In the last year, Pakistan has seen significant shifts in the way it engages with the world beyond its borders. The Chinese and the China-Pakistan Economic Corridor were undoubtedly catalytic, but the swing away from the Arab connection and the recalibration of our relationship with some states on the Arabian Peninsula, all point to some fundamental rethinking about how we do business with the rest of the world — and this is much to be welcomed. In broad terms, Pakistan is today looking to the north and the east, and the news that it has gained full accession to the Shanghai Cooperation Organisation (SCO) is clear evidence of that. The announcement was made by Russian President Vladimir Putin at the fifteenth meeting of the SCO in the Russian city of Ufa. Prime Minister Nawaz Sharif also met with President Putin for the first time, and both leaders were mutually positive regarding their countries’ future relationships.

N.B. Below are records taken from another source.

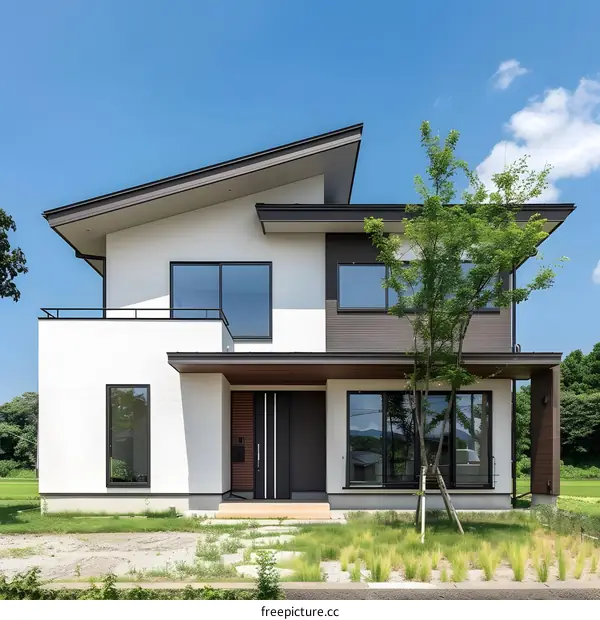 Modern Two Story House with a Green Lawn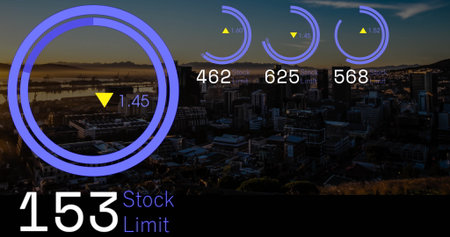 Displaying purple ring chart with 1.45 at coastal harbor dusk, with stock limit, copy space....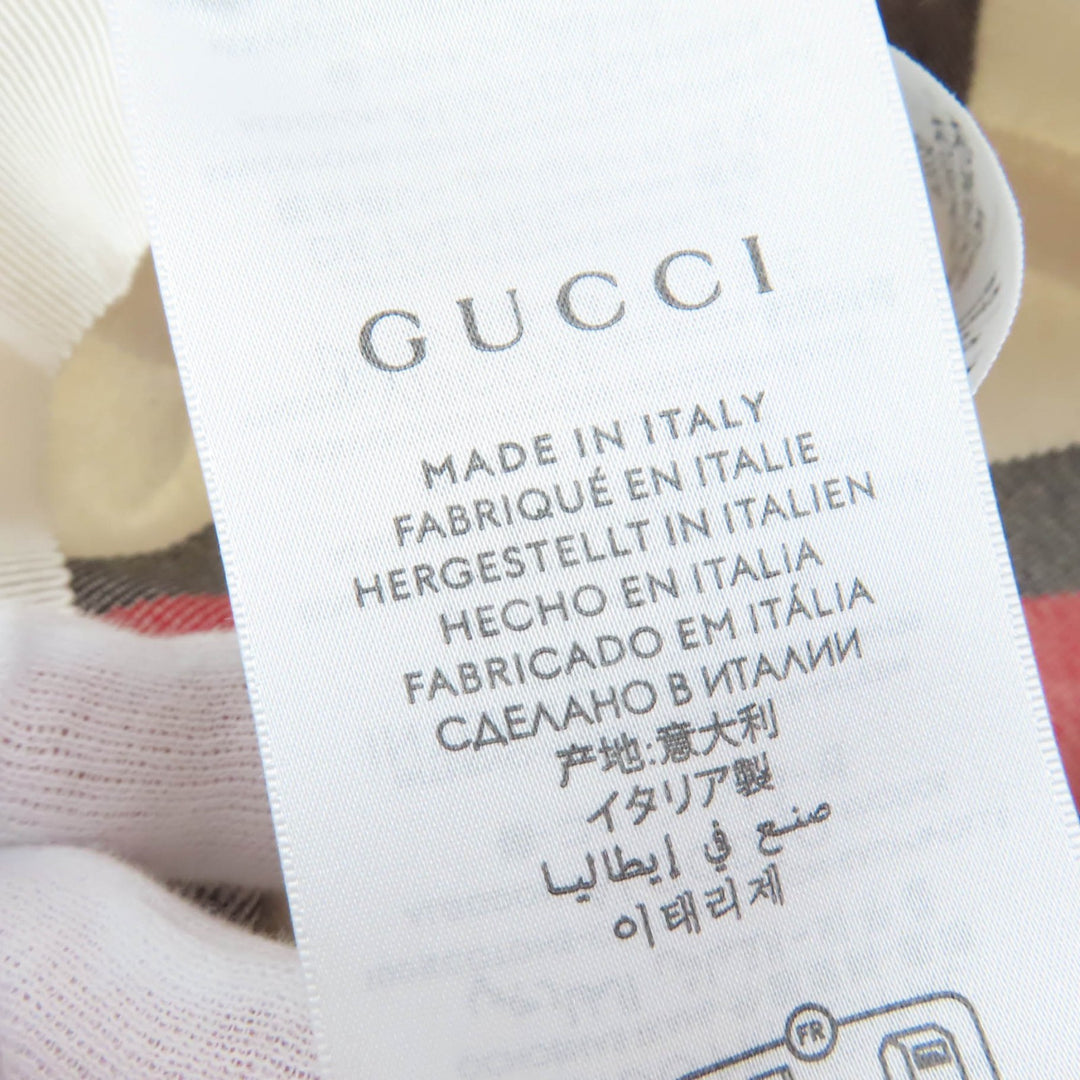 未使用品☆GUCCI グッチ 788561 コットン100％ ウェブライン ロゴ バケット ハット ホワイト系 S 保存袋付 イタリア製 正規品 レディース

The world is awash with grandly-named international organisations that hold self-congratulatory conferences every year. Once the conference season is over, little is heard of them until the conference season rolls around again. The SCO, however, really does appear to be an organisation the membership of which has benefits for Pakistan — and India, whose accession to the SCO was announced at the same time.
It is to be hoped that finding themselves at the same table in the SCO produces more in terms of bilateral easement for India and Pakistan than has the membership of Saarc, an organisation that performs below its potential, in part, because of the shared animosities of the two countries. The internal dynamics of the SCO are driven by China and Russia. China has already and very recently made it clear to India that the CPEC is none of India’s business, and Russia is likely to view the CPEC development as to its own advantage as well, it being another network that will be ‘plug and play’ for the export of energy resources, among other things. The countries of the SCO bloc are where Pakistan has economic opportunity, something that no country on the Arabian Peninsula is able to offer.
Published in The Express Tribune, July 12th, 2015.